さて、もちろん経済学は完璧じゃない。でもそれを改善し、広げようとする努力は絶えず行なわれている。その好例が、金融市場暴落とほぼ同時にノーベル記念経済学賞を取ったポール・クルーグマンの業績だ。彼がノーベル賞をもらったのは戦略的貿易理論のためだ、という紹介がされているけれど、おそらくそれでは何のことかわからない人がほとんどだろう。それは簡単にいうと規模の経済というものを経済学に導入したことだ。同じモノを作るなら、小さな工場で手作業で作るよりもでかい工場で大量生産したほうが安い。これを彼は経済学で扱えるような方法を考え出したのだ。そして、それが貿易に影響を与えるのだ、と。
こう書くと、多くの人は失笑するだろう。大量生産で値段が下がるなんて、常識以前のことではないか! 経済学者はそんなことも知らなかったのか、と。でも、間違えてはいけない。もちろんそんなことはみんな知っていた。しかしそれを経済学のモデルにする方法がなかった。クルーグマンは、現象を見つけたから偉いんじゃない。誰でも知っているその現象を理論として扱う手法を見つけたのが偉かったのだ。
これはべつに彼の業績を貶めるものじゃない。クルーグマン自身が幾度となく述べていることだ。そしてそれにより、経済学はいまの先進国同士の貿易や都市の存在も説明できるようになった。経済学は広がり、新しいことを説明予測できるようになった。それは現実に対する力をもったし、実際に彼の理論は一部の産業政策に大きな影響をもった(その使われ方自体は、本人にとっては不本意なものだったけれど)。
実質金利をマイナスにせよ
クルーグマンの業績は、それだけじゃない。彼の理論はつねに経済学の幅を広げ、現実をもっとよく説明できるようにしてきた。1997年のアジア通貨危機以前に、当時のアジア経済が必ずしも順風満帆でないことを大っぴらに指摘したのは、クルーグマンをはじめほんの数名だけだった。彼は為替の理論でも有名で、ジョージ・ソロスなどの通貨攻撃の方向性や1980年代のドルの方向性なども見事に当てている。時に変わった提案をしつつも、彼の(少なくとも経済絡みの)発言や予測はいつも骨太で小技に頼らず、経済学者のなかではかなり高い的中率と説明力を備えている。彼のノーベル賞受賞に対し「クルーグマンの予想はほとんどつねに外れている」などと事実に反することをいう人がいるのは驚くべきことだ。そもそも経済学者は予想屋じゃないんだし。
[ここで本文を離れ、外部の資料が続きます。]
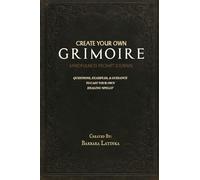 Create Your Own Grimoire: Mindfulness Prompt Journal (Spells for Surviving a Haunted Childhood)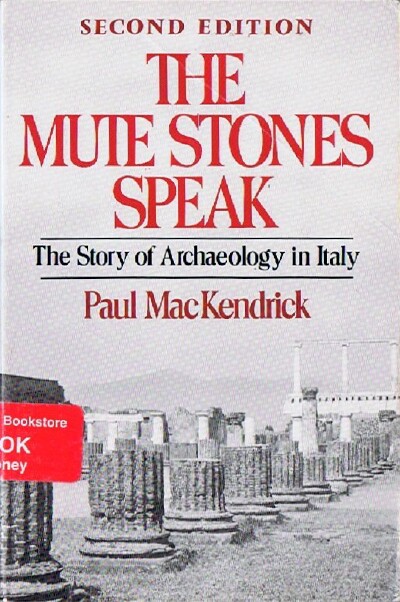 Image for The Mute Stones Speak: The Story of Archaeology in Italy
だから、彼が日本の景気回復策として10年前に行なった提言も、これを機にそろそろまじめに受け止めるべきだ。景気を上げるためには金利を下げて、お金を流通しやすくせよ――これは今回の金融危機で、(日銀以外の)ほぼあらゆる中央銀行がやったことで、ほぼ議論の余地のない処方箋だ。でも、過去10年の日本の金利はゼロに近くて、これ以上下げられないとされていた。
そこでクルーグマンは、とても簡単なことを述べたのだった。実質金利がゼロなら、それをもっと下げてマイナスにしなくてはならない――ということは、名目金利をインフレ率よりも低くすることだ。そして、名目金利はゼロよりは下がらない(というのも現金でもっていれば金利はゼロだから)。だったら、インフレのほうを上げなくてはならない!
この議論は、いまや日本以外の経済学者はほぼすべて認めていて、日本でだけ、なぜか蛇蝎のごとくに忌み嫌われている。でも最近になって、インフレターゲットを否定する人が同じ本のなかで、期限付きのお金というアイデアを褒めていたりする。期限付き、ということは時間がたてば価値が下がるということなので、これはインフレと同じだ。そしてインフレターゲット論を口を極めて罵っている一知半解な論者が、ブログで実質金利をマイナスにすべきだと得意げに主張していたりする姿も見られる。クルーグマンは基本的には正しいのだ。
今回の金融危機で、世界的に景気底上げを図らなくてはいけない状況は確実に出てきているし、日本もそれに協力しないわけにはいかないだろう。ノーベル賞を機にこの発想を皆さまも基礎教養的に勉強してみてはいかがだろうか。そしてそれが実施にまでつながればいうことはないんだが……。